> _WORK ITEM_: Look below for the line that contains "Freaking out. Modern", then copy it and each following line exactly, through and including the line that contains "Une cuisine moderne".
Content starts
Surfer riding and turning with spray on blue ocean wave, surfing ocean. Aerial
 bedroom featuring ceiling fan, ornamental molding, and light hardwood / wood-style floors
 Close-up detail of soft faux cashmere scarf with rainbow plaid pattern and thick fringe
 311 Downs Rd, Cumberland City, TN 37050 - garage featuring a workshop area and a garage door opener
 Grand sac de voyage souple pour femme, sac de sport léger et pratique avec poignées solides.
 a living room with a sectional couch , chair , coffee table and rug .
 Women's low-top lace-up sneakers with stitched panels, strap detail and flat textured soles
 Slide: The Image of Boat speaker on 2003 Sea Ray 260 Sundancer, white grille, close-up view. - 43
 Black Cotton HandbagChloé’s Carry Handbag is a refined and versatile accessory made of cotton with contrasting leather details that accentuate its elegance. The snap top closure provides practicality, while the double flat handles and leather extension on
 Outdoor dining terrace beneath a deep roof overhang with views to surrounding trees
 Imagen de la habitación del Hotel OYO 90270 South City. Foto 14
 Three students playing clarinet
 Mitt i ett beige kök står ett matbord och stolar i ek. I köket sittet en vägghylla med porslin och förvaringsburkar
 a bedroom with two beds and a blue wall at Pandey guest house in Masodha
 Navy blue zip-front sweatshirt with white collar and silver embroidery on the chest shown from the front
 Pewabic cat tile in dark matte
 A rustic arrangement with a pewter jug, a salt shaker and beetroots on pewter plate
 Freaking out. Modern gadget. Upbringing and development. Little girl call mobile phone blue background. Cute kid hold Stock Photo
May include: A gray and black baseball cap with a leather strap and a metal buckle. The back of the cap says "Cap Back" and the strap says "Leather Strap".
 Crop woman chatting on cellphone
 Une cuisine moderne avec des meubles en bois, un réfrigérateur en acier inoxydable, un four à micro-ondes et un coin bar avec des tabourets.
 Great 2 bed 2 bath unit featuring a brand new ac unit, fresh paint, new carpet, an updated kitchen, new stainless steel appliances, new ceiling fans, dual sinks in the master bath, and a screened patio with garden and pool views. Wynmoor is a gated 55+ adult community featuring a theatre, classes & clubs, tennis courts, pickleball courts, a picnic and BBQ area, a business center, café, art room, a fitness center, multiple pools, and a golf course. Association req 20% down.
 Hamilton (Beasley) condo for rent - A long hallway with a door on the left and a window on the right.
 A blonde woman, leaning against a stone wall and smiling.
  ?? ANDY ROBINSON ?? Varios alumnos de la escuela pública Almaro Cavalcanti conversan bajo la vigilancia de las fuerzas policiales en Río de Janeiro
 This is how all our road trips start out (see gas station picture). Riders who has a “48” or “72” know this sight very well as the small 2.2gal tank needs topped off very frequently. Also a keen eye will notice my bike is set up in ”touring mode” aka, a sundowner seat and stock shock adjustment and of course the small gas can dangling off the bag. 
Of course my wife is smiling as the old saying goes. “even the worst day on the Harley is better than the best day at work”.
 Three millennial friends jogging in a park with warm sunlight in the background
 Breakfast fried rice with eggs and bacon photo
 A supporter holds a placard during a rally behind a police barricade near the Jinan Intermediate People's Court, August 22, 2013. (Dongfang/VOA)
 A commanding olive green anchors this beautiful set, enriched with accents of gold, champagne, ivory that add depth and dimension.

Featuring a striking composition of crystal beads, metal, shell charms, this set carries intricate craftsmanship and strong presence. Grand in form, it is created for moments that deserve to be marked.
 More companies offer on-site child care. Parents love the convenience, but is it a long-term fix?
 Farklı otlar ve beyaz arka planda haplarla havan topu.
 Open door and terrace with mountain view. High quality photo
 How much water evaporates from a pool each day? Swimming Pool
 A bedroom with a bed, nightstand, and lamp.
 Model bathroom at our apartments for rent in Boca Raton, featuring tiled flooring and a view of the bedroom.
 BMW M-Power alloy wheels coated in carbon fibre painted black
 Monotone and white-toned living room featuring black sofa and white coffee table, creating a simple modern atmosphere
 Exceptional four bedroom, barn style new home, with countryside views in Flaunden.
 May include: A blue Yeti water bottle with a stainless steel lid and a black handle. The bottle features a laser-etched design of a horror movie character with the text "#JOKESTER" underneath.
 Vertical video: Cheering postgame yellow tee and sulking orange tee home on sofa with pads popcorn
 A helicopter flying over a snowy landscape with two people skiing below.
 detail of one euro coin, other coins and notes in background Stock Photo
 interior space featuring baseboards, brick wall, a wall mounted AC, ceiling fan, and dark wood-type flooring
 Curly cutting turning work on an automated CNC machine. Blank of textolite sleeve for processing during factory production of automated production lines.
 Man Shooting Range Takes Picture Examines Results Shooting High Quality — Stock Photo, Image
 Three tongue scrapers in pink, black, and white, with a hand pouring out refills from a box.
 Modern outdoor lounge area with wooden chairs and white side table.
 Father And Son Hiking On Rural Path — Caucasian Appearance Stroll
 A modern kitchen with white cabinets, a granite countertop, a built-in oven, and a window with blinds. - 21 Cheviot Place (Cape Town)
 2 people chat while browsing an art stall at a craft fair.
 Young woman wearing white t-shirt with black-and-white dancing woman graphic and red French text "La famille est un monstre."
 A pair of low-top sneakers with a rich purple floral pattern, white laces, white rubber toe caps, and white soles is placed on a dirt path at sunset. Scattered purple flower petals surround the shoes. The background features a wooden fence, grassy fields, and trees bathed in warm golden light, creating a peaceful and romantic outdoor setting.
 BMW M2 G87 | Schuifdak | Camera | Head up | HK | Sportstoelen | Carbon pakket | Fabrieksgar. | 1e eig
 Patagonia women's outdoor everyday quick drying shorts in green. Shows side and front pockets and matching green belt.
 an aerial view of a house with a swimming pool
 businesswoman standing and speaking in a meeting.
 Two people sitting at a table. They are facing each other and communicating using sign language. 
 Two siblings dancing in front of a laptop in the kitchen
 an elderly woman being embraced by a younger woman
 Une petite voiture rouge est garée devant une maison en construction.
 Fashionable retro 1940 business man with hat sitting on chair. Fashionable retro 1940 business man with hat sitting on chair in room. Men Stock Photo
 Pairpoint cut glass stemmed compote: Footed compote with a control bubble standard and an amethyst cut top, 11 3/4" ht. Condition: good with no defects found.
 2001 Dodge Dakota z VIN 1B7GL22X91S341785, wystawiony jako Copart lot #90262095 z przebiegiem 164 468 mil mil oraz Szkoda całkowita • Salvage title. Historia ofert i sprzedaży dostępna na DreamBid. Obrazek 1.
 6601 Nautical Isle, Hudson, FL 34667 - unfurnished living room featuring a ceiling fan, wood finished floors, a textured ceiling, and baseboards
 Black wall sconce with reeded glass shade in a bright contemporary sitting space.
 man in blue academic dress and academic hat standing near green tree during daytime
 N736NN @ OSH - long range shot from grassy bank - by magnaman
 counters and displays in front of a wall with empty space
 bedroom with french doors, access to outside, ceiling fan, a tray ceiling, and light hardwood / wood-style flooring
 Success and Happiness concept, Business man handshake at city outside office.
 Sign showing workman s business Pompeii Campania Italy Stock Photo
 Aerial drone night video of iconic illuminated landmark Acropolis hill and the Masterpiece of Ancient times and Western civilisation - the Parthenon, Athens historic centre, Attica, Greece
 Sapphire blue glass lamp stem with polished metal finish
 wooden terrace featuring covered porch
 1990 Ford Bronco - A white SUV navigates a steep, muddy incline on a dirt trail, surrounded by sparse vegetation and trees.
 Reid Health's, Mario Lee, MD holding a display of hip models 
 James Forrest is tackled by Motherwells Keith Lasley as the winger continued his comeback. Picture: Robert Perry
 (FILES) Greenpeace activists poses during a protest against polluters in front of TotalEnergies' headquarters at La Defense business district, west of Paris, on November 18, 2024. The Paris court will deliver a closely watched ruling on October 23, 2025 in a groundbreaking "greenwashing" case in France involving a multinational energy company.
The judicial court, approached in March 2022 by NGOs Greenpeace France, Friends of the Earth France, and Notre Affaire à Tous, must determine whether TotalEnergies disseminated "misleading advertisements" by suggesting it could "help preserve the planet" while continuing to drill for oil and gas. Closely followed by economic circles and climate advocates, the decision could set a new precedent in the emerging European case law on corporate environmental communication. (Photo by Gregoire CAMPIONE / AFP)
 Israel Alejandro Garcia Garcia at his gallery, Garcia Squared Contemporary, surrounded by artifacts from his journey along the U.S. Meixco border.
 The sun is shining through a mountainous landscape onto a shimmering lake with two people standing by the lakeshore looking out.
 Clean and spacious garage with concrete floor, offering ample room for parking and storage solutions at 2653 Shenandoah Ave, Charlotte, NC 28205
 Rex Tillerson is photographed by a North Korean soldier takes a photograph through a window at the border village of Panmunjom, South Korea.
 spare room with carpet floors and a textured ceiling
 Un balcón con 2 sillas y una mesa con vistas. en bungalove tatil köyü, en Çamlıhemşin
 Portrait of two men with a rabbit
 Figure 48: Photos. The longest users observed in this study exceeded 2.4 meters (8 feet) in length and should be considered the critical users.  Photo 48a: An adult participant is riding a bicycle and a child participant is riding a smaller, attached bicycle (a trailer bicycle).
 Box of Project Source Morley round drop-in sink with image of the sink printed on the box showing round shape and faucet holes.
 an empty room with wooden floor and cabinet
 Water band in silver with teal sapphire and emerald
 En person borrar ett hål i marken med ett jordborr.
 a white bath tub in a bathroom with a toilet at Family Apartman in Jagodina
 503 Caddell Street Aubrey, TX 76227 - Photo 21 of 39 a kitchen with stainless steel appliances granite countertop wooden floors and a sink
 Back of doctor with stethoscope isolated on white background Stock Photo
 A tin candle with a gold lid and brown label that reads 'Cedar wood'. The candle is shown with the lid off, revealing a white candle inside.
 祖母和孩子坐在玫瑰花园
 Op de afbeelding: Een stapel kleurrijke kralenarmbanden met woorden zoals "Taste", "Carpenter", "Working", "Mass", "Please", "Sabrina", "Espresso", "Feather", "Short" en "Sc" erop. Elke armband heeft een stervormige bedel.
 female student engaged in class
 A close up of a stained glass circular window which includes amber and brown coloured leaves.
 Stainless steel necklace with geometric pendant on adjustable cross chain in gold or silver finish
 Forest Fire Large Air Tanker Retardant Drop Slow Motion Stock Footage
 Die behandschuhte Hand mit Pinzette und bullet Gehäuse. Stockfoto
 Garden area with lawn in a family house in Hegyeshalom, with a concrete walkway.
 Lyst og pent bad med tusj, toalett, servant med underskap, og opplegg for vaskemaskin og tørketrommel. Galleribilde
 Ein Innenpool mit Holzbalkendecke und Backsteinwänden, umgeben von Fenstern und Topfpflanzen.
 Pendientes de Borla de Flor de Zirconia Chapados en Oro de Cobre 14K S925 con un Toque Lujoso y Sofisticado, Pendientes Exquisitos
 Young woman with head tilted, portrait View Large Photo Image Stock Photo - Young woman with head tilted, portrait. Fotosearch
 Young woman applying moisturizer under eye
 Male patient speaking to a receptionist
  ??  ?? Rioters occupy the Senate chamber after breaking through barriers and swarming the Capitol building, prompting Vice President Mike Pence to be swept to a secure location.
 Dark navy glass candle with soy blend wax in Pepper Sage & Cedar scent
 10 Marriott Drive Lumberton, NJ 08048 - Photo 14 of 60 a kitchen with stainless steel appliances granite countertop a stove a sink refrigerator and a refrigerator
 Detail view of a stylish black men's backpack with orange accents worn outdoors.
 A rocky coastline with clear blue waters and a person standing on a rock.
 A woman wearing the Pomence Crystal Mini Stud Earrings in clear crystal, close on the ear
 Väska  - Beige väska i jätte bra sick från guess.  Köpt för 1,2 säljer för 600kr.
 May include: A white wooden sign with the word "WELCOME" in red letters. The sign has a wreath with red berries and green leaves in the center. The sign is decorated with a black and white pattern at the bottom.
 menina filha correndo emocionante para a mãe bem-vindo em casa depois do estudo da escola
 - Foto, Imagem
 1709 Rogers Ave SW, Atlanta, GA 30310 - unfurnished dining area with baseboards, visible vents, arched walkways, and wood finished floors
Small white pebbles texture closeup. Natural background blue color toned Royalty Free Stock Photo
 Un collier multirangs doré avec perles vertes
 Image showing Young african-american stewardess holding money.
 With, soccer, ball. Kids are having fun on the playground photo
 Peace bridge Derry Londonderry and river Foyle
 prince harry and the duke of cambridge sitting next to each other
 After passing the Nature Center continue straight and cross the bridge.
Content ends
> _TASK ANSWER_:
 Freaking out. Modern gadget. Upbringing and development. Little girl call mobile phone blue background. Cute kid hold Stock Photo
May include: A gray and black baseball cap with a leather strap and a metal buckle. The back of the cap says "Cap Back" and the strap says "Leather Strap".
 Crop woman chatting on cellphone
 Une cuisine moderne avec des meubles en bois, un réfrigérateur en acier inoxydable, un four à micro-ondes et un coin bar avec des tabourets.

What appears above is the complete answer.